AIM OF THE EXERCISE:
When the line containing "Fapello homepage on" is found in the data below, copy it and each line after it through the line containing "Los gabinetes de", exactly and with no others.

Stored data entries:
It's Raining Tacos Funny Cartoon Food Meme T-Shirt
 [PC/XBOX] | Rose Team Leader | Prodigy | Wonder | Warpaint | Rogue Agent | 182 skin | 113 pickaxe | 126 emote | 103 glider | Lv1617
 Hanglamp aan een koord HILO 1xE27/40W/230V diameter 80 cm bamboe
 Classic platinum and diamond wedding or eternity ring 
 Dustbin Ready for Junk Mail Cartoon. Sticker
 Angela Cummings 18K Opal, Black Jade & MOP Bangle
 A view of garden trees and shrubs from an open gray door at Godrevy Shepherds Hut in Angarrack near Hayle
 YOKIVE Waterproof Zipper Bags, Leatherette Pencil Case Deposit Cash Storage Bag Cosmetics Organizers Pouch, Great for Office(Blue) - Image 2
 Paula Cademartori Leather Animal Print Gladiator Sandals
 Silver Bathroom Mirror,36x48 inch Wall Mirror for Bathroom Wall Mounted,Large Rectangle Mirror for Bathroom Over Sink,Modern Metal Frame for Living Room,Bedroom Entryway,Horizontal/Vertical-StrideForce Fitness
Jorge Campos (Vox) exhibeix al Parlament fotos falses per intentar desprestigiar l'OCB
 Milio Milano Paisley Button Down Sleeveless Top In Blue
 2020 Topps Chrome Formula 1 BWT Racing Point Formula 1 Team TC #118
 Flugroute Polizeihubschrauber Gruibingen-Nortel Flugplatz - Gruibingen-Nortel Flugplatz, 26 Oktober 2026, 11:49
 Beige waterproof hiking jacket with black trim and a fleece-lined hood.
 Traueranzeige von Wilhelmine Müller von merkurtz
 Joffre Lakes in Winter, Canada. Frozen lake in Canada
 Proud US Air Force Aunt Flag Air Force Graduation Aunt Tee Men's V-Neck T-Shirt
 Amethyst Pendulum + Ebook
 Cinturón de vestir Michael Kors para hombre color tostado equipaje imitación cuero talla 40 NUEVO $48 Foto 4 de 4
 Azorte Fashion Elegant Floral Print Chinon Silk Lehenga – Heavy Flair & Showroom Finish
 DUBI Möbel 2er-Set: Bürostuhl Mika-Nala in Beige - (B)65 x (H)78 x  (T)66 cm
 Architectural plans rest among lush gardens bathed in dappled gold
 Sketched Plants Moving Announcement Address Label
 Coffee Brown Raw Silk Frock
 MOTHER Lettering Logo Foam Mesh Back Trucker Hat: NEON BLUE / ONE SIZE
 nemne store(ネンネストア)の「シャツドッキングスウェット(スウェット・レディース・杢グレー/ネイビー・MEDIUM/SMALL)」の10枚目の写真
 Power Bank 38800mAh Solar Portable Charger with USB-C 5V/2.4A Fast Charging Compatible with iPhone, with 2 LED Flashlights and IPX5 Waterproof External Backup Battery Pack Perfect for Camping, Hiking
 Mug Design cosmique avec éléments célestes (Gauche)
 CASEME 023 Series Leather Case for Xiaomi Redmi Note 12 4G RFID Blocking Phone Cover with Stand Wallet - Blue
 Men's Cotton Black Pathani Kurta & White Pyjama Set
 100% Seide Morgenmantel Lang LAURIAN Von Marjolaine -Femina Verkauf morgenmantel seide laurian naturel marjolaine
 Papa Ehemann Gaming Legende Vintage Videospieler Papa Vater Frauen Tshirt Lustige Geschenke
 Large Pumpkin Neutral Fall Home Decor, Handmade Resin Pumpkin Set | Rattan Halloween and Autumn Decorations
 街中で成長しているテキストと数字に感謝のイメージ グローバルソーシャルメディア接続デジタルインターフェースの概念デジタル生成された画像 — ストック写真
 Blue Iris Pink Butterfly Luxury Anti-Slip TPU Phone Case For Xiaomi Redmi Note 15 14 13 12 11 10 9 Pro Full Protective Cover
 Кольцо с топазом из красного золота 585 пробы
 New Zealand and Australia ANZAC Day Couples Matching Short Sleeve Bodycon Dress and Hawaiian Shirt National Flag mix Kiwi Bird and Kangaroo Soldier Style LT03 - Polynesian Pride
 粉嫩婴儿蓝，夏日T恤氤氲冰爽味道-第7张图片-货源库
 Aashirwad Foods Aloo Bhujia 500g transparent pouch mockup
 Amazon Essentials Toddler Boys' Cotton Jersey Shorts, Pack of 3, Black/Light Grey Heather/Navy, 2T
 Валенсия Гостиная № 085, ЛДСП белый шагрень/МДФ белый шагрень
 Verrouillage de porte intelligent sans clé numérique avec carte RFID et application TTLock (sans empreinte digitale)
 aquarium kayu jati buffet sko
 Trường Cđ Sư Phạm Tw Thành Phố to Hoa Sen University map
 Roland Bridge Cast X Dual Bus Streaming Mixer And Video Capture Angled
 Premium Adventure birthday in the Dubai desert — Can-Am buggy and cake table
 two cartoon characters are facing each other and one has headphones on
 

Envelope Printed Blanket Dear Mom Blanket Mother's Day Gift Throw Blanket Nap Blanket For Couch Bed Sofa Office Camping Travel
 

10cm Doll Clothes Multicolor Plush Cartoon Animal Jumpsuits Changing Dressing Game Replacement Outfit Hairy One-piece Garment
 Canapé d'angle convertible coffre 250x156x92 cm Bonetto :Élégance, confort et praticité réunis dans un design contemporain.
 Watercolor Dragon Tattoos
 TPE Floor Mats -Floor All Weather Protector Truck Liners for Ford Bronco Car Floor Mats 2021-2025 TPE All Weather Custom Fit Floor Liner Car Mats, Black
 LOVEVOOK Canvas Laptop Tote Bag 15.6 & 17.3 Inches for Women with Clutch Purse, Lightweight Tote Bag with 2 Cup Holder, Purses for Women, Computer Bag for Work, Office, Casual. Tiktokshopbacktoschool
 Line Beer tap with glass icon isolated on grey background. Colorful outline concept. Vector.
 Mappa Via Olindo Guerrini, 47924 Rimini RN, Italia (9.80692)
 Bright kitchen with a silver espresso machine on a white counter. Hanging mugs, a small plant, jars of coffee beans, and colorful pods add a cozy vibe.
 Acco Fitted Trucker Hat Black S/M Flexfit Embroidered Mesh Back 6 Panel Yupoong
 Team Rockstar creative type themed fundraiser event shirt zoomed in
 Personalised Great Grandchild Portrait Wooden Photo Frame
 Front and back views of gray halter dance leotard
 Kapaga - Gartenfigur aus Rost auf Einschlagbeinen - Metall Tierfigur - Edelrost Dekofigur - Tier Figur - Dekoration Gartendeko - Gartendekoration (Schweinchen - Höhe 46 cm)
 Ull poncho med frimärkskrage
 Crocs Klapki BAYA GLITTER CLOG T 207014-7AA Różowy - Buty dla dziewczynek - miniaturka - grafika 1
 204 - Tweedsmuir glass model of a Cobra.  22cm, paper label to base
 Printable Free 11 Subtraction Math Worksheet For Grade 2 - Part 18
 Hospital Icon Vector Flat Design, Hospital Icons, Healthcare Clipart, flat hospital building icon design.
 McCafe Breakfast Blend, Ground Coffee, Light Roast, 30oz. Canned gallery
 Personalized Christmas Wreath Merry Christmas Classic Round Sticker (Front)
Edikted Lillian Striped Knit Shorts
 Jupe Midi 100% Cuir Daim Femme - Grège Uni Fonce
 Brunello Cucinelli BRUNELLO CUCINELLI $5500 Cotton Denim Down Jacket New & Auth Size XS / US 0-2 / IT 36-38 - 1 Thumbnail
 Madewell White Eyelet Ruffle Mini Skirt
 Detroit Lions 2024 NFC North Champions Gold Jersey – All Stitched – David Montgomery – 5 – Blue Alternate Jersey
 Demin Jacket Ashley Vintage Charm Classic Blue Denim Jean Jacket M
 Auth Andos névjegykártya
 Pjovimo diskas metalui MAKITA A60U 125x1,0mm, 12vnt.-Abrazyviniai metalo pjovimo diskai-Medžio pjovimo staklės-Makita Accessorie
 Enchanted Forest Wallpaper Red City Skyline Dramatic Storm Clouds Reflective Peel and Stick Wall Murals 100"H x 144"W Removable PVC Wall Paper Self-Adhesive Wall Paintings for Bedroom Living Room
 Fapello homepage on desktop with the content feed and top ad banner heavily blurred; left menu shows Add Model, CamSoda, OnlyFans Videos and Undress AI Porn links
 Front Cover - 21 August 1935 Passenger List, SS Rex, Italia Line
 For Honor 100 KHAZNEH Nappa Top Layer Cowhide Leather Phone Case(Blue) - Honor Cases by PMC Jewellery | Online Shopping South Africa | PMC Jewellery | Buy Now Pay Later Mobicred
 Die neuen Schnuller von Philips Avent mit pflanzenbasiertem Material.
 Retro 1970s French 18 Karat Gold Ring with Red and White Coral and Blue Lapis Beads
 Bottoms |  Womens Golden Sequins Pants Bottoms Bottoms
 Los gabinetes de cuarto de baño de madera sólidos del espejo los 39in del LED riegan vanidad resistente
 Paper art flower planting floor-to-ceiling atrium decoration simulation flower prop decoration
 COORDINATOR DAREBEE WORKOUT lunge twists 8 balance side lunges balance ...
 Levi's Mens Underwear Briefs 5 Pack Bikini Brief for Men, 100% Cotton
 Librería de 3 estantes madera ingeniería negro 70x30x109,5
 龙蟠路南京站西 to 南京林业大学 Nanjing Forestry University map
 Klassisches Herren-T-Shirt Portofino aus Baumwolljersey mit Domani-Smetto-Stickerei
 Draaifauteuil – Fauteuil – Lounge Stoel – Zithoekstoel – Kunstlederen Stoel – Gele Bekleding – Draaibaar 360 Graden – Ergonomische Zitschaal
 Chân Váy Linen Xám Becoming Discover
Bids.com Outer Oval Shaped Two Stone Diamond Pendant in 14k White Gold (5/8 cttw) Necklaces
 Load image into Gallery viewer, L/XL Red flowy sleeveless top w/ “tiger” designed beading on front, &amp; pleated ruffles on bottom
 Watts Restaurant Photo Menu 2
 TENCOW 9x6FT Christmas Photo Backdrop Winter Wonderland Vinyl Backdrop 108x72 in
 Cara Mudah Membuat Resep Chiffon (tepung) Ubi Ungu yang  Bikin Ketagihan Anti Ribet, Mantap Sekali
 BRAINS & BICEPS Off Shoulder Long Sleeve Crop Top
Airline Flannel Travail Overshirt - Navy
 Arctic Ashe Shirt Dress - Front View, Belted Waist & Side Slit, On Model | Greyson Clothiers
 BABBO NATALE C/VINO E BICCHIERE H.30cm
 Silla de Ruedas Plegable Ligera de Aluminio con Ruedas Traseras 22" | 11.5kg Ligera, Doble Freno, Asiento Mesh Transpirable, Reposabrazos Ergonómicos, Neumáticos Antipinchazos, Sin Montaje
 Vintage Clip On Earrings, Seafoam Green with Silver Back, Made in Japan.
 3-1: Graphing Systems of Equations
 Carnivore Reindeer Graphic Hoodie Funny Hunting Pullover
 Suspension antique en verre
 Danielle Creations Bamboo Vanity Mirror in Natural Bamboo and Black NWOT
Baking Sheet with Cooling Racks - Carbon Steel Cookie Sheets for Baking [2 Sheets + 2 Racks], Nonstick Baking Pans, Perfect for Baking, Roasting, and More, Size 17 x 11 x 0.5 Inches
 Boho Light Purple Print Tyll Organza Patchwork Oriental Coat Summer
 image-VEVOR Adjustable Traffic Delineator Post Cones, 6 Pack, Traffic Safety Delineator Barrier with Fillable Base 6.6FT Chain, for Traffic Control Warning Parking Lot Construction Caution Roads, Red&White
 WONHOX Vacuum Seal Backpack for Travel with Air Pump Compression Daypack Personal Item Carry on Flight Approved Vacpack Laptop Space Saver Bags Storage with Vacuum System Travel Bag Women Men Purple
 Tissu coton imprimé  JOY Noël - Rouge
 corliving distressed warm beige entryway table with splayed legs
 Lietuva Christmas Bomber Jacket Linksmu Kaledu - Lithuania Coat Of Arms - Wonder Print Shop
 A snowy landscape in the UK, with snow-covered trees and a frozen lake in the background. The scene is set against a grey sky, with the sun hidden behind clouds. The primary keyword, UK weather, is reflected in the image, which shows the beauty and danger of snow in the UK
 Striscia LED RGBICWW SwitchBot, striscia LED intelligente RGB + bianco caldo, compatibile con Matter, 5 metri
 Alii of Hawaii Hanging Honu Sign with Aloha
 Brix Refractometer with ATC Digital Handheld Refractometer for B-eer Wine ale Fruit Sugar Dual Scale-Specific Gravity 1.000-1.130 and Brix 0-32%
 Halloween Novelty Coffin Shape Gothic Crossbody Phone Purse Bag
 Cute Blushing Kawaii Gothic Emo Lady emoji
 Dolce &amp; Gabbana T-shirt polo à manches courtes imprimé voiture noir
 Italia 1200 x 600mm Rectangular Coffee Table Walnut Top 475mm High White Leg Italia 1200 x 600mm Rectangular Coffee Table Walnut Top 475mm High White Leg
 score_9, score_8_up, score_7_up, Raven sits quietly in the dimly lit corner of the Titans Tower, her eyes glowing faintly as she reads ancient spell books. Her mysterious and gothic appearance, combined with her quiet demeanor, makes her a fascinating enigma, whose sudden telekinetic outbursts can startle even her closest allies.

EXERCISE OUTPUT:
 Fapello homepage on desktop with the content feed and top ad banner heavily blurred; left menu shows Add Model, CamSoda, OnlyFans Videos and Undress AI Porn links
 Front Cover - 21 August 1935 Passenger List, SS Rex, Italia Line
 For Honor 100 KHAZNEH Nappa Top Layer Cowhide Leather Phone Case(Blue) - Honor Cases by PMC Jewellery | Online Shopping South Africa | PMC Jewellery | Buy Now Pay Later Mobicred
 Die neuen Schnuller von Philips Avent mit pflanzenbasiertem Material.
 Retro 1970s French 18 Karat Gold Ring with Red and White Coral and Blue Lapis Beads
 Bottoms |  Womens Golden Sequins Pants Bottoms Bottoms
 Los gabinetes de cuarto de baño de madera sólidos del espejo los 39in del LED riegan vanidad resistente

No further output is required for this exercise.